Copy exactly the lines from the beginning of the data down to and including the line holding "Star 925 Sterling", without any pictures.

Short web captions:
--
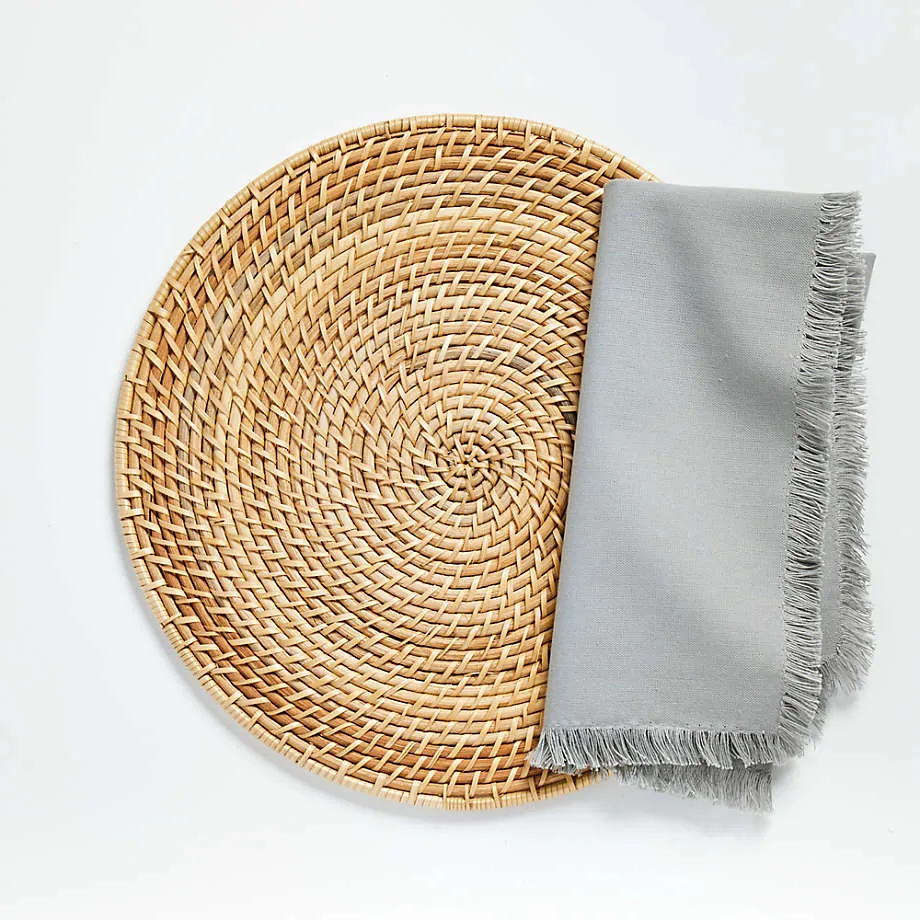 Artesia Natural Round Placemat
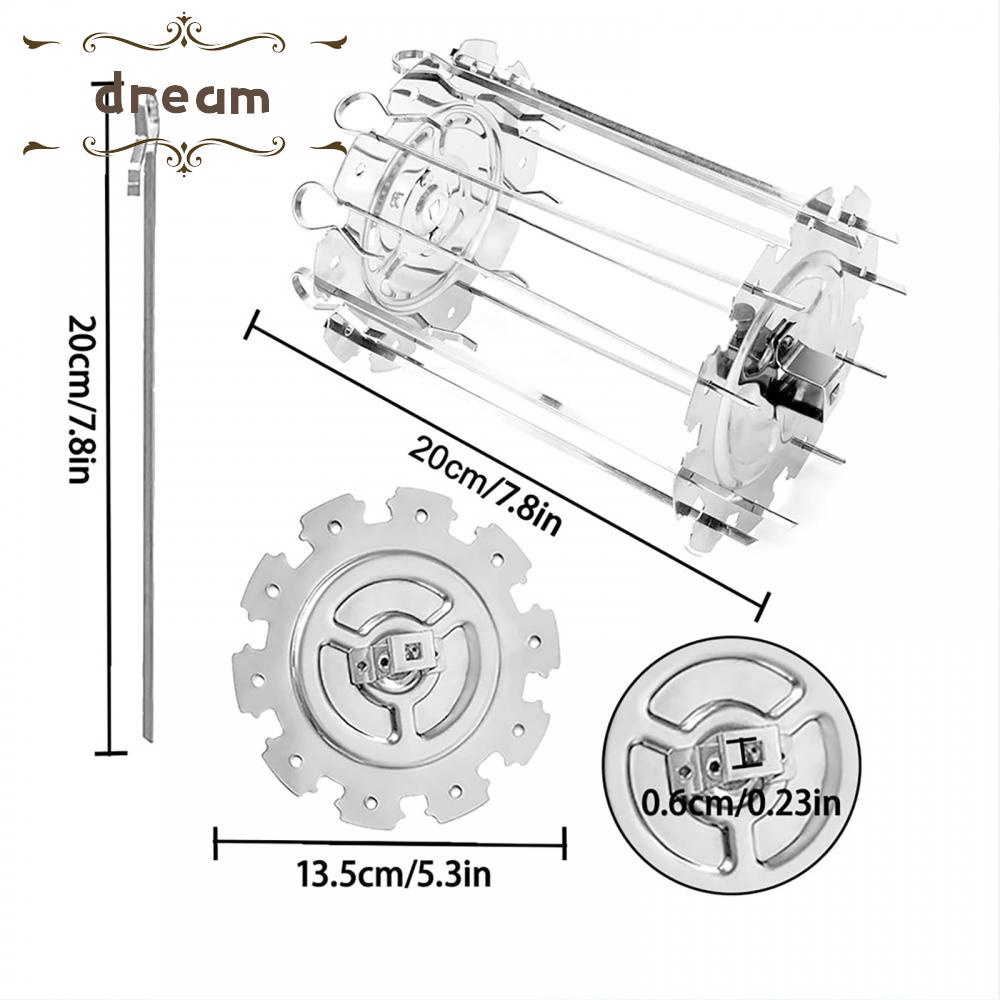 【DREAMLIFE】BBQ Grill Kit Chicken Wings Durable Easy To Carry Easy To Operate Fish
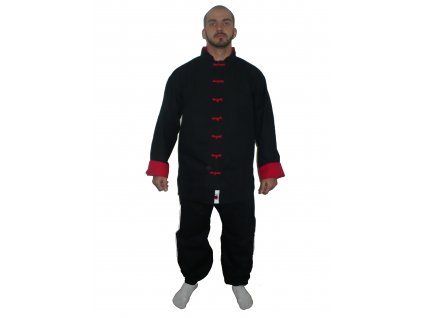 Ippon Uniforma Taichi ( nohavice úplet ) Red (Velikost 130, Barva ČERVENÁ)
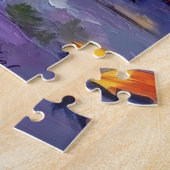 Shih Tzu Dogs Trick-or-Treating Halloween Costumes ジグソーパズル (側面)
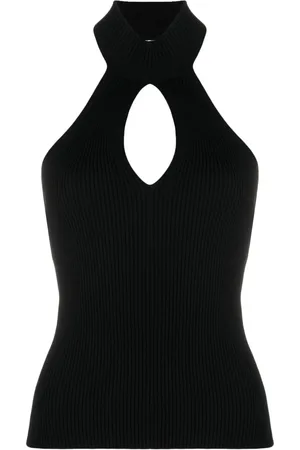 FEDERICA TOSI Geripptes Cropped-Top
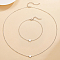 Star 925 Sterling Silver Pendant Necklace & Link Bracelet, Jewelry Set, Silver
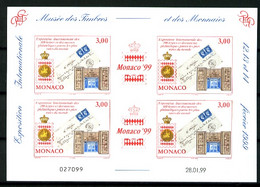 MONACO  -  BF 81 - Exposition Philatelique Monaco 99 - Neuf N** - TB - Blokken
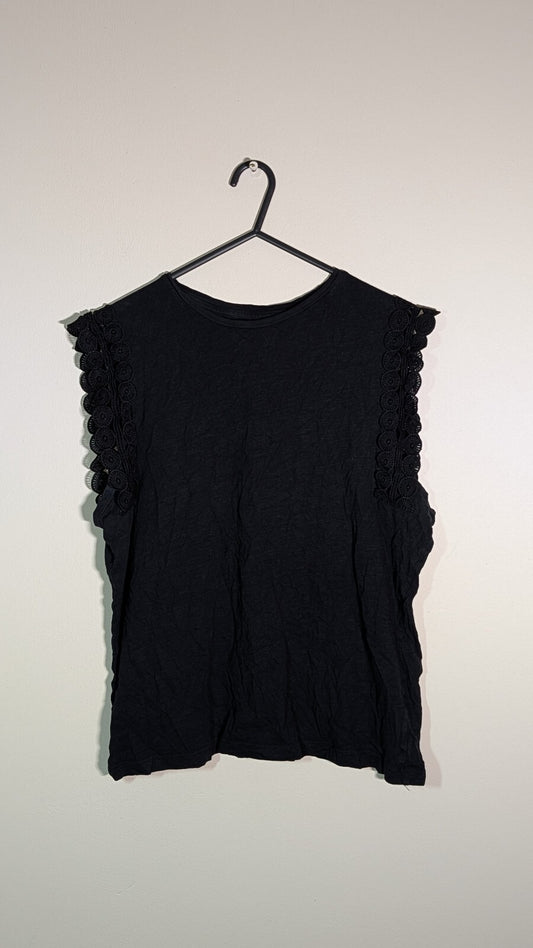 Papaya Women's Vest T Shirt - Black - Size 14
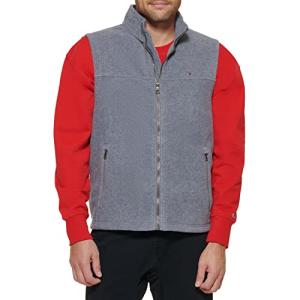 Tommy Hilfiger Men's Light Grey Fleece Vest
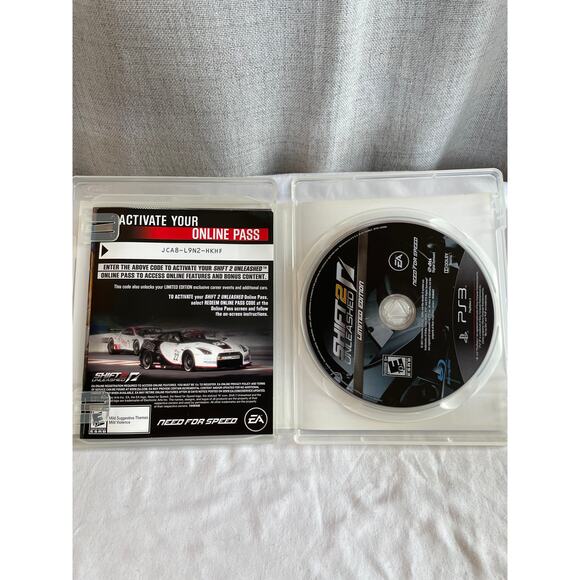 Need for Speed Shift 2 Unleashed (PS3) – Complete with Manual – Excellent - Picture 3 of 4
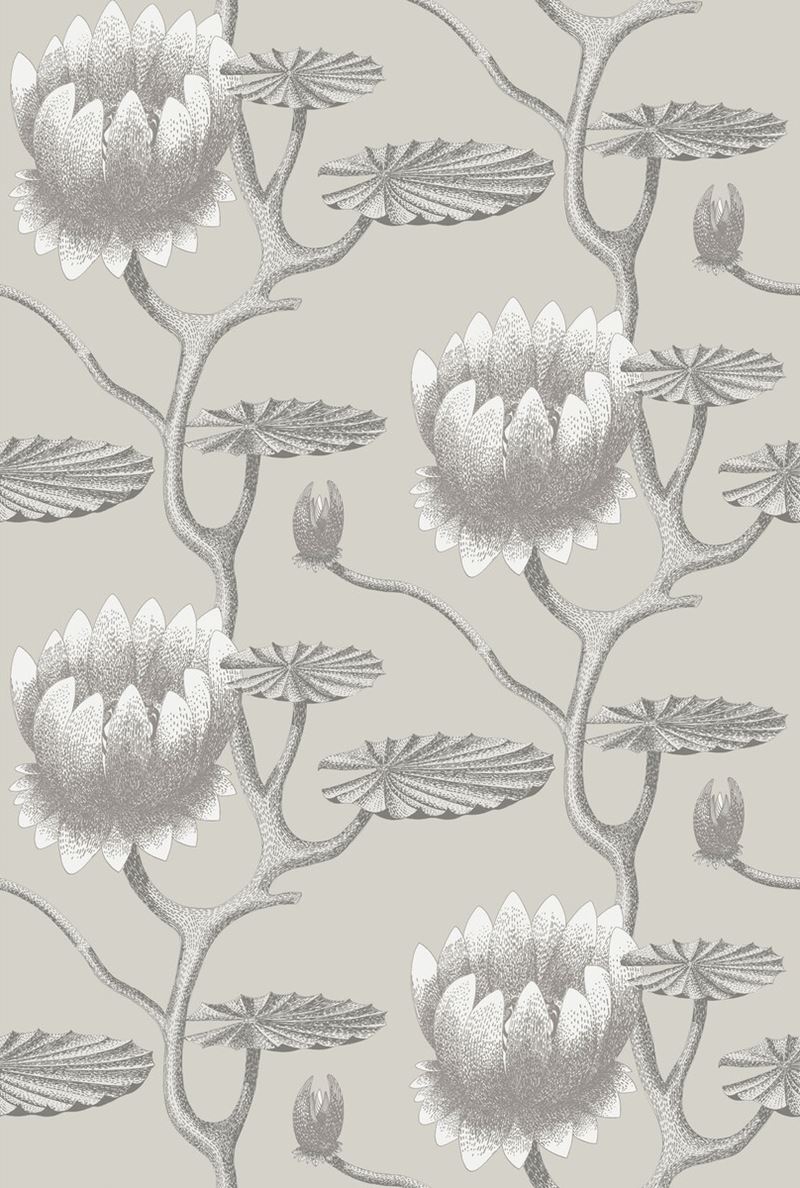 Cole & Son Wallpaper 95/4025.CS Summer Lily Taupe/White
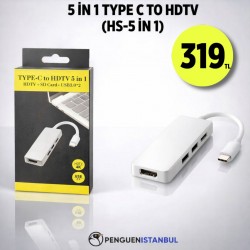 5 İN 1 TYPE C TO HDTV (HS-5 İN 1)
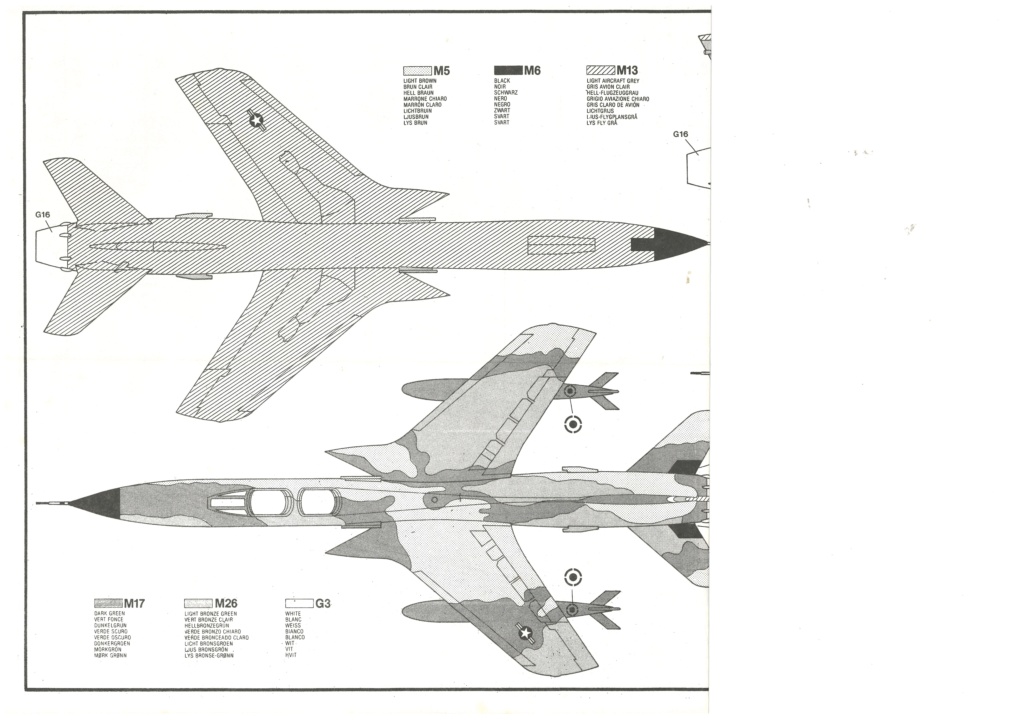 [AIRFIX] REPUBLIC F 105F THUNDERCHIEF 1/72ème  Réf 05016 Notice Airfi190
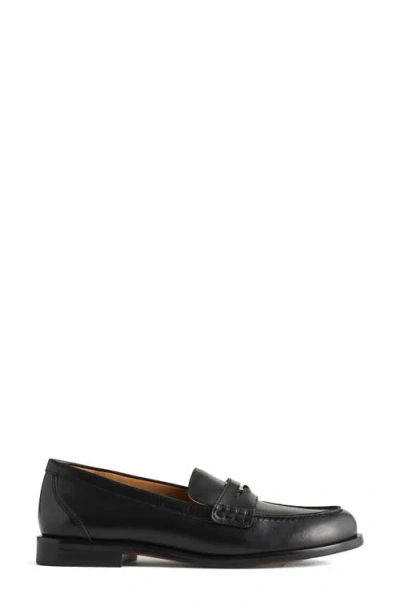 Madewell Porto Penny Loafer In True Black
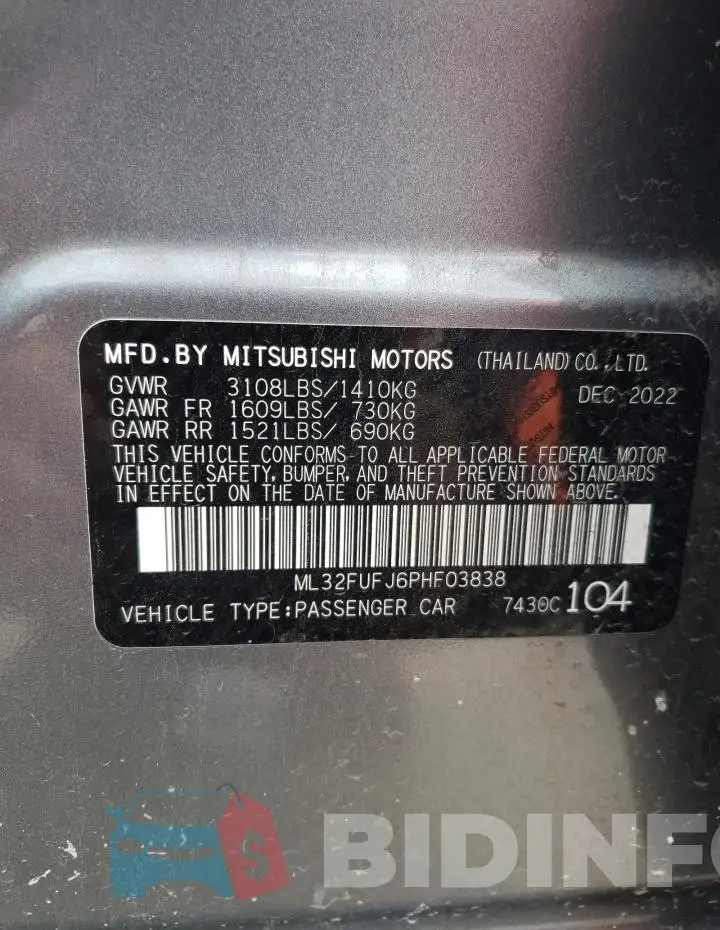 ML32FUFJ6PHF03838 Photo# 12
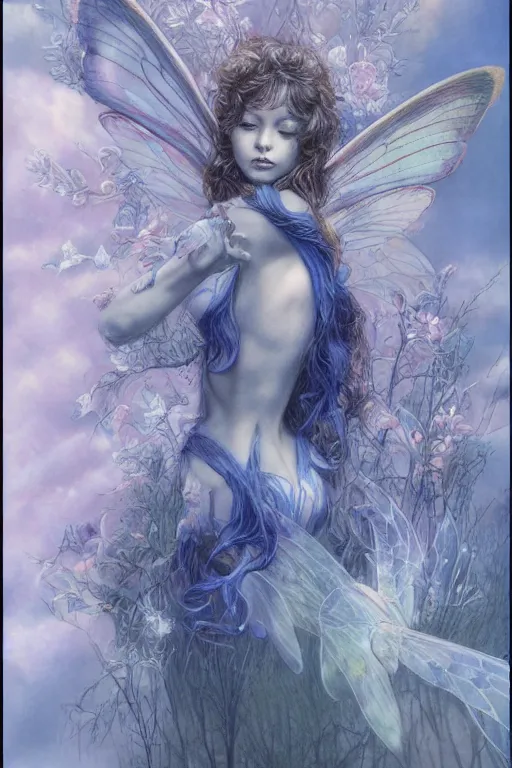 Image similar to a faerie by alan lee and artgerm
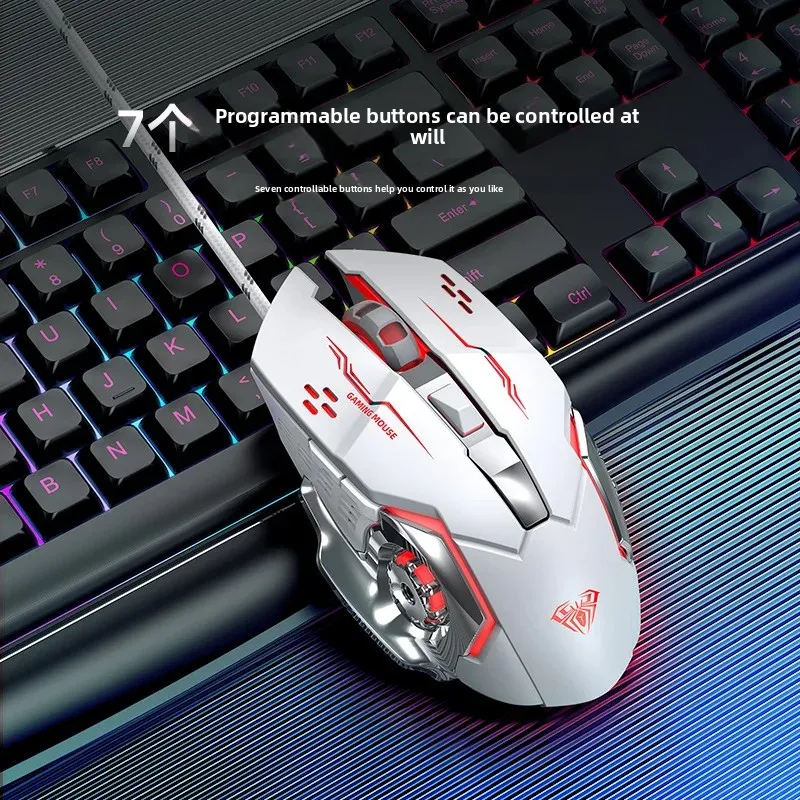 Wired Gaming Mouse S20 Glowing Desktop Laptop Computer Esports Macro Programming for Chicken Cflol And Other Games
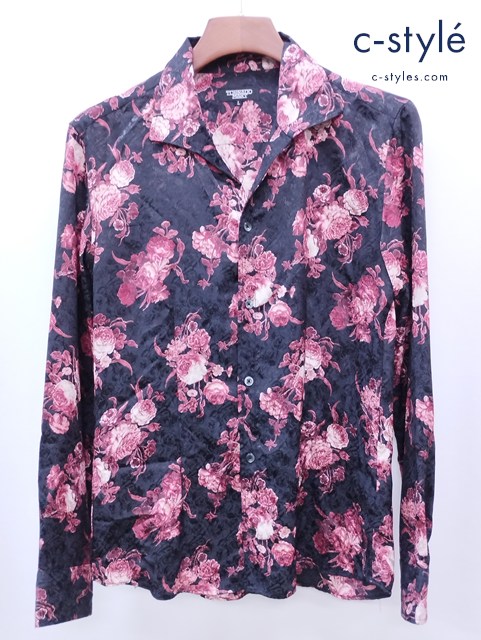 TORNADO MART トルネードマート 長袖シャツ L ブラック×レッド系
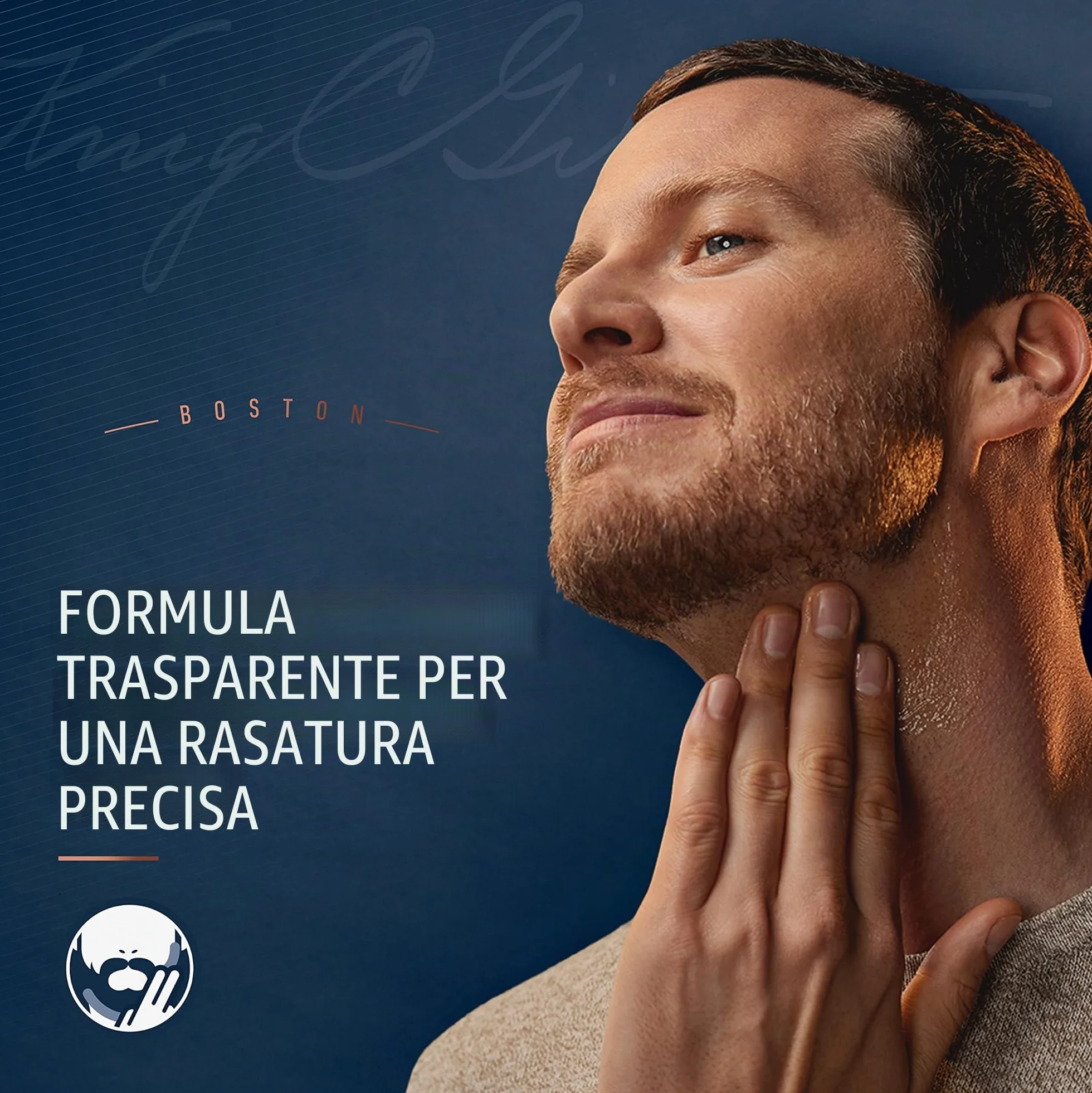 King C. Gillette Gel da barba trasparente con tè bianco e olio di argan, 141,7 g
--
▶ [Result for this task]:
 Artesia Natural Round Placemat
 【DREAMLIFE】BBQ Grill Kit Chicken Wings Durable Easy To Carry Easy To Operate Fish
 Ippon Uniforma Taichi ( nohavice úplet ) Red (Velikost 130, Barva ČERVENÁ)
 Shih Tzu Dogs Trick-or-Treating Halloween Costumes ジグソーパズル (側面)
 FEDERICA TOSI Geripptes Cropped-Top
 Star 925 Sterling Silver Pendant Necklace & Link Bracelet, Jewelry Set, Silver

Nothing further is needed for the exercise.